On most TV channels worldwide (including Nickelodeon, the Italian TV station Mediaset Italia 1, the Polish TV station Canal + Poland., and various Cartoon Network/Boomerang feeds), a rather innocuous part where Sylvester says, "I'll get you if I have to eat every one of these things" as he is trying to find Speedy Gonzales in a box of chili peppers was cut.
When this cartoon aired on CBS in the 1970s and 1980s, the two times Sylvester gets blown up (by a disembodied bullet and a hand grenade, respectively) were cut to remove Sylvester's appearance after the smoke clears.
International dubs of this cartoon shown in Latin America (on Cartoon Network's Latin America channel), Italy (on Mediaset Italia 1), and Poland (on Canal+ Poland) have the same edits done to this cartoon that CBS and Nickelodeon's American channel have done, only Cartoon Network Latin America deletes the entire hand grenade part, not just for the violence, but also because of the drug references in the song, La Cucaracha (see below in "Notes").
This cartoon prompted Cartoon Network to keep Speedy Gonzales cartoons out of rotation in the United States due to their stereotypical depictions of Mexicans, though most Hispanic fans protested that Speedy Gonzales was not a stereotype and demanded the cartoons be shown. In Cartoon Network's final days of regularly airing classic cartoons (between 2003 and 2005), some Speedy Gonzales cartoons did crop up on the network (mostly the late-1950s ones and a few from the post-1964 era). However, this one only aired once, possibly because the censors caught the "...marijuana par fumar" line of La Cucaracha and decided to shelve the entire short rather than cut the line.
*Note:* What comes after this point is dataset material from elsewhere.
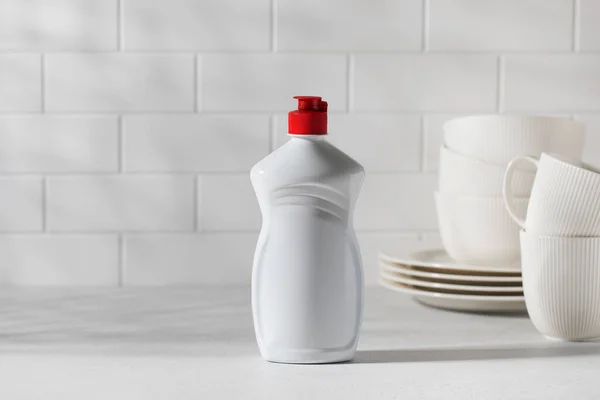 A mockup of a white plastic bottle with liquid dishwashing detergent. Banner. Copy space. — Stock Photo, Image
This version of La Cucaracha Speedy sings is the first verse from the Mexican Revolutionary version of the song from 1910 to 1920.
This cartoon provides an anomaly in the Speedy Gonzales cartoons: In this one, Speedy is the antagonist/aggressor whom is a menace whom the Mexican mice hate as opposed to the hero that is adored by the Mexican mice, and the Mexican mice try to get Sylvester to chase Speedy out of town, with unsuccessful results.
The title card background is reused from the title card of "Speedy Gonzales".
Sylvester lays a sizable wedge of cheese on the ground to lure Speedy out of his hole. When Speedy takes the cheese, it has changed to a small, thin slice of cheese.
Most televised prints of this short (including in European countries) have a glitch at the end of the ending title card; After the ending title card, the screen then cuts to black, while the ending music still plays intact. However, copies of this transfer do exist without this glitch, which is only on The Looney Tunes Video Show VHS release. You can tell that there is a glitch in the transfer by the extremely washed-out colors.
This is one of the only three post-1948 Looney Tunes shorts which were shown censored with a minor edit on the unrestored TV prints (even on the PAL masters) worldwide regardless of the TV channel. The other two are "Prince Violent" (Note: Re-titled as "Prince Varmint") and "Devil's Feud Cake" (Note: A line of dialogue by the Devil replaced). Unlike those two shorts, this cartoon has been released uncut and fully restored on DVD.
The European TV prints have the 1959-64 Merrie Melodies ending card (with the "A Vitaphone Release" byline) replacing the original.
Some airings of this short on Boomerang France have the original ending card replaced with a better colored version of the original ending card, presumably edited in from the ending card from "Show Biz Bugs".